A par da estreia de mais um título rotineiro da saga dos super-heróis da “franchise” X-Men, a verdadeira emoção cinematográfica está onde menos esperaríamos encontrá-la: Ártico, sobre a odisseia de um homem perdido em paisagens geladas, consegue a proeza simples, mas contagiante, de nos reconciliar com o clássico espírito de aventura.
De facto, a câmara do realizador Joe Penna dá-se bem com o frio que ameaça a personagem interpretada pelo dinamarquês Mads Mikkelsen. Penna é um brasileiro, aqui a estrear-se na longa-metragem, depois de se ter tornado conhecido através do seu canal do YouTube (‘Mystery Guitar Man’). Mikkelsen, dinamarquês, ganhou fama internacional a partir da sua participação em 007: Casino Royale (2006), tendo sido distinguido com o prémio de melhor actor, em Cannes, com A Caça (2012), de Thomas Vinterberg.
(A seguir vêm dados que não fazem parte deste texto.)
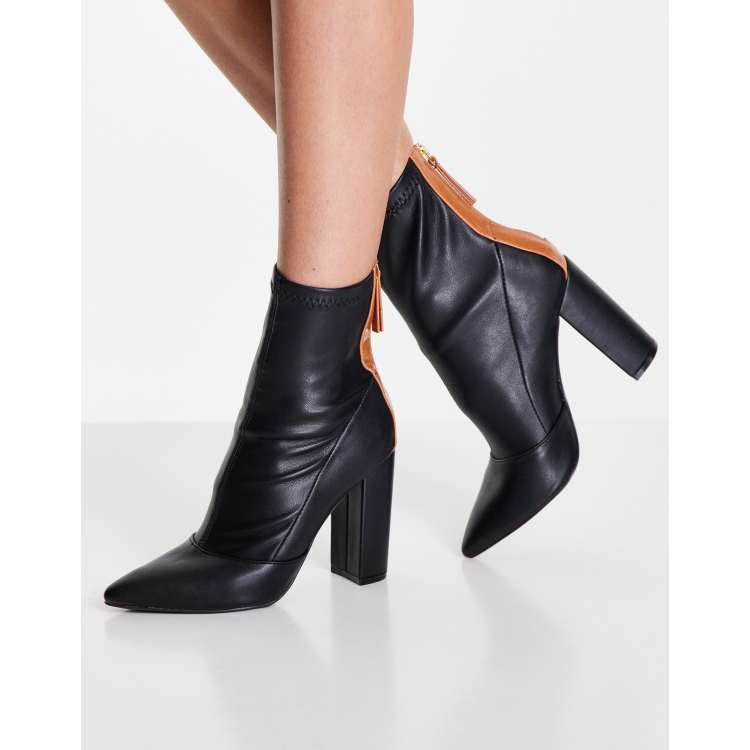 Qupid Glam Bottines pointues talon carr Noir ASOS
Enfim, Ártico, rodado em paisagens islandesas, resulta de uma coprodução Islândia/EUA.
A história da produção dos filmes ensina-nos que estes cruzamentos de nacionalidades nem sempre geram objectos consistentes: por vezes, a coesão artística é sacrificada para satisfazer apenas as regras dos contratos financeiros. Assim não acontece em Ártico, sobretudo porque Penna tem o bom senso de não sobrecarregar o filme com grandes derivações “simbólicas”. O essencial joga-se, aqui, através da relação da personagem com a paisagem gelada — dir-se-ia que a paisagem é mesmo a personagem central — e, a partir de certa altura, com o facto de o herói ter por companhia uma mulher gravemente ferida (Maria Thelma Smáradóttir).
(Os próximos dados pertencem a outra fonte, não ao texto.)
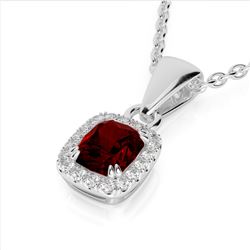 1.25 CTW Garnet & Micro Pave VS/SI Diamond Halo Necklace 10K White Gold - REF-27Y3K - 22883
Acompanhamos a saga do protagonista um pouco como quem segue uma reportagem sobre um exercício de sobrevivência em que todos os gestos contam — da preservação dos escassos alimentos até ao cuidado com que se coloca um pé na ponta de uma rocha que o gelo não cobriu. Enfim, em tempos de novo riquismo tecnológico, incluindo a “santificação” de produções que não sabem utilizar o gigantismo das salas IMAX em que são projectados, Ártico é, afinal, um filme que sabe fazer justiça às potencialidades do grande ecrã.